Vergleichsweise gute Noten für die Arbeit der Verantwortlichen in Bund und Ländern gibt auch Henning Goersch, Professor für Gefahrenabwehr und Bevölkerungsschutz an der FOM Hochschule. „Die Maßnahmen laufen geschmeidiger als zuletzt an Ahr und Erft oder vor rund 20 Jahren bei den großen Hochwassern an Elbe und Oder. Speziell nach der Sommerflut 2021 haben die Gefahrenabwehrbehörden in den Ländern viele Abläufe verbessert, Hilfskonzepte erarbeitet und abgestimmt“, sagt der Katastrophenforscher. „Das zahlt sich nun aus.“

Dauerkonflikt um Überflutungsflächen

Gleiches gelte für die in den vergangenen Jahren vielerorts ausgewiesenen und vorgeplanten Überflutungsflächen entlang vieler Gewässer, die nun volllaufen könnten, so RWTH-Experte Schüttrumpf. „Das ist ein Dauerkonflikt zwischen Raumplanern, Umweltschützern und der lokalen Bevölkerung, wenn Gebiete für die dauerhafte Bebauung gesperrt werden oder Äcker und Wiesen bei Hochwasser überflutet werden sollen.“ Dennoch hätten die sogenannten Retentionsflächen nun genau jene Kapazitäten für die steigenden Flüsse und Bäche geschaffen, die gegenwärtig verhinderten, dass mehr als ein paar Weiler oder Ortsteile überflutet werden. 

Er wünsche sich nur, dass die Ausweisung solcher Flächen deutlich rascher vorankäme, als es bisher der Fall sei, so Schüttrumpf. „Das dauert alles elendig lange.“ Dabei drohte den Planern und Katastrophenschützern zunehmend die Zeit davonzulaufen – vor allem mit Blick auf die Tatsache, dass Überflutungen aufgrund des Klimawandels künftig weit häufiger auftreten dürften als in der Vergangenheit, mahnt der Hochwasserexperte.

„... dann eskaliert die Lage wieder“

Und auch Katastrophenforscher Goersch will trotz des bisher vergleichsweise undramatischen Verlaufs der aktuellen Hochwasser keine Entwarnung geben. „Sollte es nach dem wochenlangen Dauerregen nun nochmal großflächig zu Niederschlagsmengen kommen, wie wir sie im Sommer 2021 regional hatten, dann eskaliert die Lage auch diesmal wieder“, fürchtet er.

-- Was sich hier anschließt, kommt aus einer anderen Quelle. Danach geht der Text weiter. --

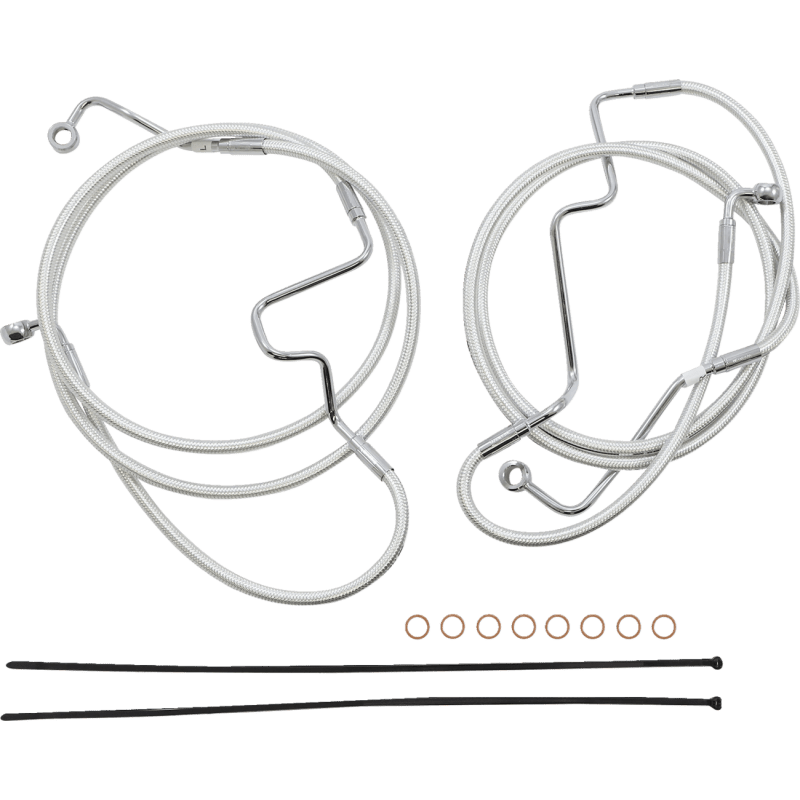 MAGNUM CONTROL CABLE KIT SC (387992) - DRIVEN Canada's Powersports 387992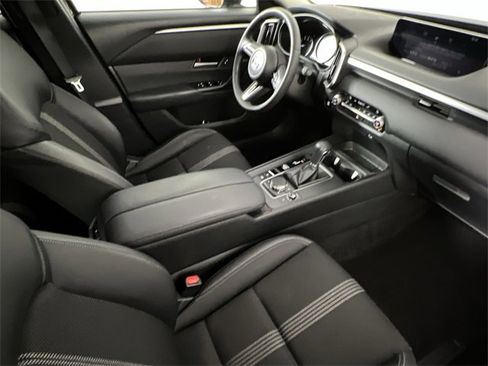 Certified 2024 MAZDA CX-50 AWD 2.5 S w/ Weather Package image 23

Zudem habe schon der Umgang mit den Empfehlungen von 2013 habe gezeigt, „wie rasch Warnungen und Vorsorgemaßnahmen in Vergessenheit geraten, sobald andere Themen die Aktualität beherrschen“. Entsprechend sorgenvoll blickt auch er auf die bereits beschlossenen Kürzungen der nach den Julifluten 2021 zunächst aufgestockten Etats von Technischem Hilfswerk und Bundesamt für Bevölkerungsschutz und Katastrophenhilfe.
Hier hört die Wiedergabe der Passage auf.